Now wait a second, I didn’t say “great” I said “pretty good.” The Wolfman is the kind of remake that really shouldn’t get under anyone’s skin, as it has very little to do with the original film. With the exception of the character’s names and a few in-nods to the original (Lawrence’s cane, the old “when the wolfsbane blooms” poem, etc.) this is an in-name-only remake of the classic: different time period, different origin story, different location, and lots and lots more blood and guts.There are some truly eye-rolling moments in Joe Johnston’s version of the story (the director took over the project shortly before shooting, after the first director quit due to problems with the studio, never a good sign) but there are also some fairly great parts.
First: the bad news. The script has some clunky dialogue and pacing issues, but The Wolfman‘s real problems mostly come near the climax of the film. It is during the Wolfman’s rampage through London that viewers may get a sinking sense of big budget crapfest deja vu. There is also a climactic showdown (between who and who is a slight spoiler) that is lame with a capital L.
The effects are mostly good which is why the segments that aren’t stand out so prominently.
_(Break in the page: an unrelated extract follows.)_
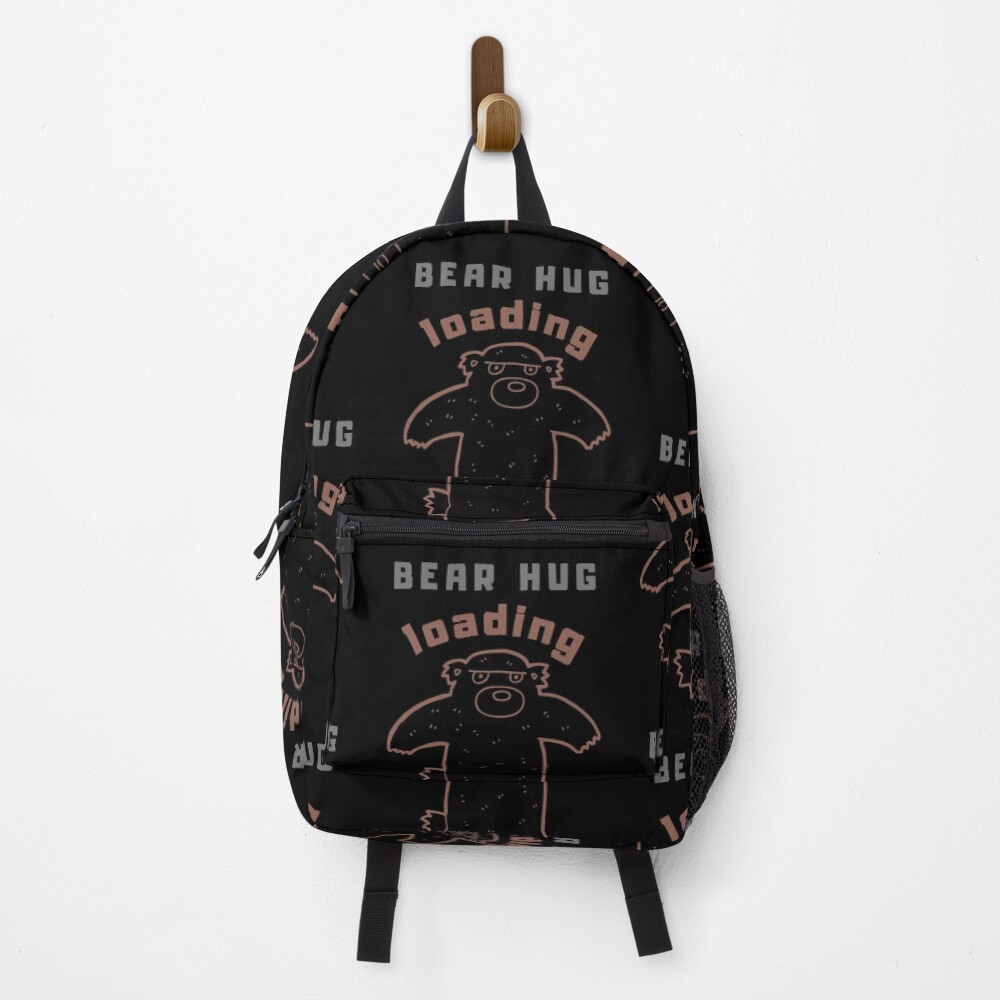 bearhug backpack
There is some shaky CGI (especially when the Wolfman goes from biped to quadruped) and while Rick Baker’s makeup is mostly awesome there are a few times that you feel the director is showing us a bit too much of the wolf costumes.
The real strength of The Wolfman lies in the fact that these problems, which would normally be debilitating, never stopped me from enjoying the film. That’s in large part due to the inspired casting of Anthony Hopkins and Benicio Del Toro. The rest of the cast is no big shakes (Hugo Weaving seems to be doing his “Agent Smith” with a slight British accent and cooler facial hair) but it’s really del Toro and Hopkins’ show anyway.
The transposition of the story to Victorian England is a good change merely from a stylistic perspective. The lavish costuming and intricate Gothic locations will probably remind horror fans more of Hammer’s lush costume pieces than Universal’s original Wolf Man. There is minimal obvious CGI-enhancement (with the exception of the aforementioned London rampage) and all these sets and costumes are lovingly photographed, making The Wolfman one of the more visually interesting big budget commercial films to come along in a while.
Lastly, there’s the gore. Oh the gore. I’m by no means a gore hound, I like Fulci just as much as the next guy, but a man can not survive on viscera alone. That said, I think that it’s both remarkable and refreshingly ballsy that Universal released The Wolfman with an R-rating. Limbs are hacked, heads severed and innocents are not spared. The horror of Talbolt’s moonlight benders are reinforced through intense bloodletting, serving a narrative point in highlighting how even a likable guy like Larry is powerless to the curse.
You can call it rose-tinted glasses, call it the result of lowered expectations, but I don’t think you’d be right. I’m pretty sure I sincerely enjoyed The Wolfman and that you might too.
Oh and one more (non-Wolfman related) thing: don’t text message during the movie. If your really going to have ten emails to send on your Blackberry, stay home.